Where Native Multi-Model Suits Nicely
Native multi-model provides a huge solution space and is used across industries. Find below a small selection of use cases with a quick explanation from our customers why they have chosen a multi-model approach.
Detecting fraud now involves complicated pattern matching that often considers the graph structure (e.g. an unusual amount of connections to a single host or account), but sometimes also other data which is best accessed orthogonally to the graph structure using secondary indexes.
Internet Of Things
The IoT produces a very high volume of status data, geo location information, sensor data and the like. At the same time, the actual things in the IoT typically come in a hierarchical structure.
Enterprise hierarchies come naturally as graph data and rights management typically needs a mixture of graph and document queries.
The multi-model idea and its data modelling benefits shown for aircraft fleet management.
Identity and Access Management
Identity and access management often involves data that has a hierarchical structure.
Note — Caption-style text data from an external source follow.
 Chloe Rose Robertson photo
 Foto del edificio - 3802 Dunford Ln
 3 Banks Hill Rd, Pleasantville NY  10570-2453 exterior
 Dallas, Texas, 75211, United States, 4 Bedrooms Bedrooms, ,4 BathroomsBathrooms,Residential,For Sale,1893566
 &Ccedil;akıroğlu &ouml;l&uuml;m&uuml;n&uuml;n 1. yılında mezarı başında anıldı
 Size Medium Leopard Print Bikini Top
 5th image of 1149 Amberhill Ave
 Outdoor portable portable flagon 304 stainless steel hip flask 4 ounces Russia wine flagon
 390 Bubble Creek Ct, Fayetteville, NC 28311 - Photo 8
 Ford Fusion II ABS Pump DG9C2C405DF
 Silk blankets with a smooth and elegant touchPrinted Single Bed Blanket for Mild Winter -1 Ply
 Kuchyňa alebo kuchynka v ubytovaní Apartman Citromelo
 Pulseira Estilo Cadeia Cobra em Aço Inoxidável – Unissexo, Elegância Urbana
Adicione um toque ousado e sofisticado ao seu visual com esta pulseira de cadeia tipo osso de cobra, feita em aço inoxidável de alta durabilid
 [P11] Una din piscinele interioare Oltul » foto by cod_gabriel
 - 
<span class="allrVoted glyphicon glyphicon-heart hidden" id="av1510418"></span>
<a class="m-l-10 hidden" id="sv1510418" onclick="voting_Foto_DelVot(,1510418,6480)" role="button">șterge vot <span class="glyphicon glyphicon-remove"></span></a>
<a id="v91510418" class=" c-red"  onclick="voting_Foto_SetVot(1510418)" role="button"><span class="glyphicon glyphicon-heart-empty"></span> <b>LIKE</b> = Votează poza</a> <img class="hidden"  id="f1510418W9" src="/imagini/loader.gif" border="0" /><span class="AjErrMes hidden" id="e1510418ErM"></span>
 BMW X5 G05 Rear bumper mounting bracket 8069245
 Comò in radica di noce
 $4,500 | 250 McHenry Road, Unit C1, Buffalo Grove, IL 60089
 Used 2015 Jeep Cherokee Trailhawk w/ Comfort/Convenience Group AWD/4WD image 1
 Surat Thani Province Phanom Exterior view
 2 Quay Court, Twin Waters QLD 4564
This data is best described by a tree or a directed acyclic graph. Deciding access rights often involves the graph structure, but there are also a lot of queries about the identities which completely ignore the hierarchy.
Coming up with sensible and effective real-time recommendations for customers in e-commerce is essentially path pattern matching in graphs, since one would like to recommend things to a customer A that have been bought by another customer B who is linked to A in some way, for example by both having bought similar products.
E-commerce systems need to store customer and product data (JSON), shopping carts (key/value), orders and sales (JSON or graph) and data for recommendations (graph), and need a multitude of queries featuring all of these data items.
Network and IT Operations
Computer networks and the associated hosts themselves form a graph, and management of such infrastructure frequently involves queries about this very graph structure, but also queries about the set of hosts or similar things.
In logistics a lot of data occurs: geo locations, tasks, dependencies of tasks, resources needed for tasks. The data is both of a rather diverse structure and highly connected. Queries involve both graph queries considering dependencies and standard index backed queries ignoring dependencies.
Content can have a very inhomogeneous structure, which makes a document store a good data model. However, frequently there are links and connections between different pieces of content, which are most naturally described by a graph structure.
Social networks are the prime example for large, highly connected graphs and typical queries are graph, nevertheless, actual applications need additionally queries which totally ignore the social relationship and thus need secondary indexes and possibly JOINs with key lookups.
Street networks are naturally modelled as a graph. Traffic flow data produces a high volume of time based data which is closely related to the street network. Finding good decisions about traffic management involves querying all this data and running intelligent algorithms using aggregations, graph traversals and joins.
Complex, User-Defined Data Structures
Any application that deals with complex, user-defined data structures benefits dramatically from the flexibility of a document store and has often good applications for graph data as well.
Knowledge graphs are enormous data collections, most queries from expert systems use only the edges and graph queries, but often enough you needs “orthogonal” queries only considering the vertex data.
Workflow Management Software
Workflow management software often models the dependencies between tasks with a graph, some queries need these dependencies; others ignore them and only look at the remaining data.
Version Management Applications
Version management applications usually work with a directed acyclic graph, but also need graph queries and others.